In an ideal world, this is not something that would have to happen, but this week’s events unfortunately prove it is now urgently needed.
In its absence, it is hard to dismiss the notion that horse meat could just be the start of something much bigger.
Kallakis case closes to AIB’s certain relief
AIB must be hoping that the conviction in London of Achilleas Kallakis and Alexander Williams will draw a veil over what has been an excruciating episode for the bank.
The verdict confirms that the bank was the victim of a very elaborate £740 million fraud, but at the same time it was the architect of its own downfall to a significant extent.
In a parting shot yesterday, George Carter-Stephenson QC accused AIB of “contributory negligence” and having a sloppy attitude to paperwork.

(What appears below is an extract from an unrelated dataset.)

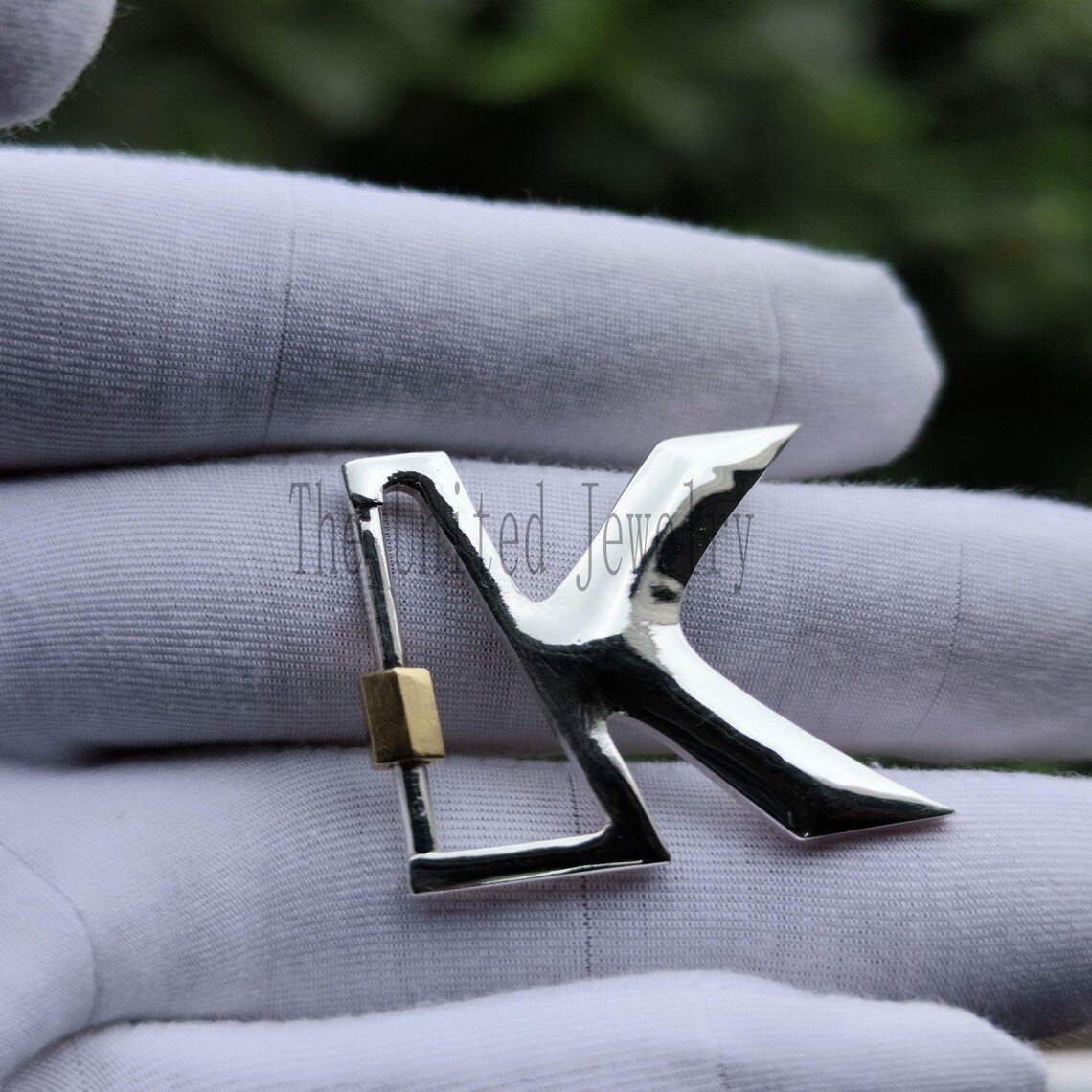 Two Tone Plating Handmade “k” Initial Letter Carabiner Clasp Lock Jewelry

He said this had been “brought about by what may appear to be the rather cavalier attitude of banks towards the lending of vast sums of money”.
This of course will come as no surprise to anyone on this side of the water, although things are much better at the bank now we are told.
What we have not been told is why AIB did what it did with the Kallakis properties once it seized them in 2008.
The portfolio was sold to Green Property on very attractive terms but at what seemed at the time to be a very good price given the state of the London property market and the state of the global credit markets.
The deal left the bank open to accusations that it was trying to avoid having to take a big writedown on the value of a portfolio at what could not have been a worst time. Like every other bank, AIB was trying desperately to convince everyone – including itself – that it was solvent.
Time has found the bank out in that regard and it has also rendered the questions surrounding the Green deal somewhat moot as the performance of London commercial property has confounded most of the predictions made in 2008.
The bank has always declined to discuss the transaction and how it made financial sense for the bank on the basis that there was an ongoing legal action involving Kallakis.
Now the issue is resolved chief executive David Duffy (above) is in a position to clear things up if he so chooses.
Today
The CSO will release December inflation figures and the High Court will hear an update on the Director of Corporate Enforcement’s investigation into the former Anglo Irish Bank.